The other place that haunts my imagination is near Taos at the upper end of the deep valley that rises to the ski resort. Taos has always resisted me. The two times that I traveled to the village, intending on both occasions to tour the famous pueblo, I encountered barricades on the road into the reservation and signs indicating that the pueblo was off-limits. On the first occasion, I think, the Indians were renovating the ancient structures and, perhaps, engaged in some kind of religious observances that precluded the presence of tourists in their village. The second time, Taos Mountain was on fire and the air was clogged with smoke and the pueblo was closed because of its proximity to the conflagration and because most of its male members were in the hills fighting the blaze. North of town, there was a Mexican restaurant and I recall sitting on the deck in that place, drinking margaritas and watching huge pot-bellied planes swooping down to drop loads of water on the fire, a blackish mole slowly expanding across the green and tan side of a distant hill, the blemish’s edges brittle with red and orange flame. In the meadow beyond the restaurant, there was an old crooked fence and a jeep standing under a ramada and, near the stream, where the grass was the most green, two Indian horses were grazing and, sometimes, nuzzling one another.

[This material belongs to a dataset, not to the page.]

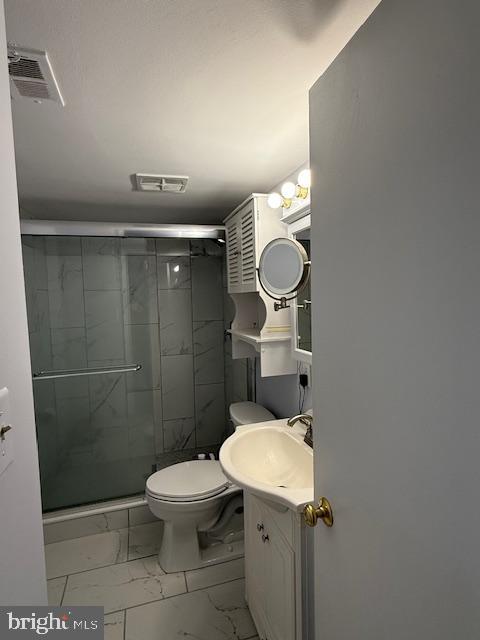 CHALET WOODS - Residential Lease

But the landscape that oppresses me is something viewed atop Taos Mountain, from a high bluff that is dense with Douglas fir that I recall as actually perched above the ski runs. The road to this place begins in the basin at an intersection marked with a flashing yellow light, a east-running blacktop that climbs some nondescript foothills to an elongated commercial district – bars, a grocery store, gas stations in a dry arroyo under the peak. After passing these businesses that constitute Taos Ski Village, the highway climbs between some black basalt pinnacles into a narrow valley that pierces the side of the mountain and provides a sloping path upward along a stream bed to the ski basin. From the intersection to the ski-runs is probably about eight miles, but it is seems like a long road, complex with intricate twists and turns, wriggling uphill to vast, silent compounds of ski- chalets, shuttered in the summer, rank after rank of shingled roofs climbing stepwise to the basin and the lift-pylons angling through the trees to the tops of pine-clad ridges. At the head of the asphalt road, the turn-around under the ski-slopes, another gravel lane switchbacks up an improbably steep incline, passing even more elaborate ski-lodges clinging to the sheer hillside. This road ends atop the bluff directly under a panorama of bare and rocky peaks. Another wooden lodge, the Bavarian Inn, stands in the shadow of a grove of tall pines.

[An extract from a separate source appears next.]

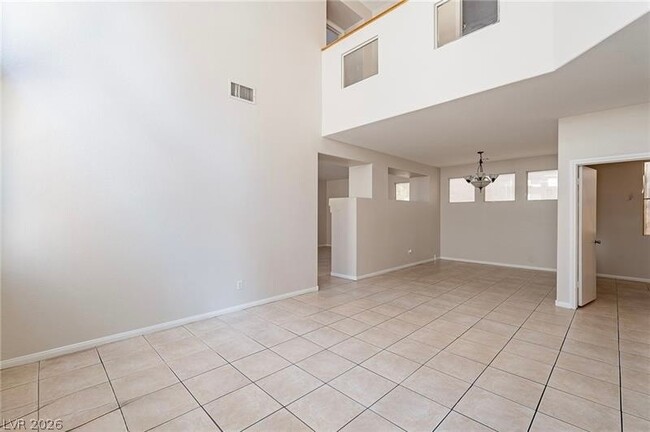 Photo - 3588 White Mountain St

You can buy a sausage platter with sauerkraut at the Bavarian Inn, have beer in an icy mug, and there is a deck on the back of the lodge with tables where you can eat outside. I recall that there was a fire burning in a pit behind the building because it was chilly at this elevation, some patches of snow still decorating the shady places under the trees near the deck. The surreal aspect of this landscape was the cold breath of the mountain summits right at your elbow, the peaks like piles of grey gravel, indeed, the terrain resembling a gravel-pit with steep ridges and little hollows full of meltwater and rocky paths leading up to a pass that seemed to be less than four-hundred yards away, a crest of stone where shields of snow drooped downward – it was, I think, the summit of Wheeler Peak, the highest point in New Mexico. Tiny gem-like humming birds, turquoise-colored, sucked nectar from a cedar feeder. We could hear the bear bells jingling as the hikers came down from the peaks, passing on the trail nearby with their bright stocking caps and big packs, merrily crying out to one another as they approached the lodge. It seemed to me that I could rise from the table, quaff the last of my beer, and, then, climb to the top of the world in a half-hour or so, reach the divide overhead where I could see people cautiously descending a defile between two sheer cliffs.

The top of the mountain couldn’t possibly be that close. My memory must have been false. But it was something, I thought, worth investigating.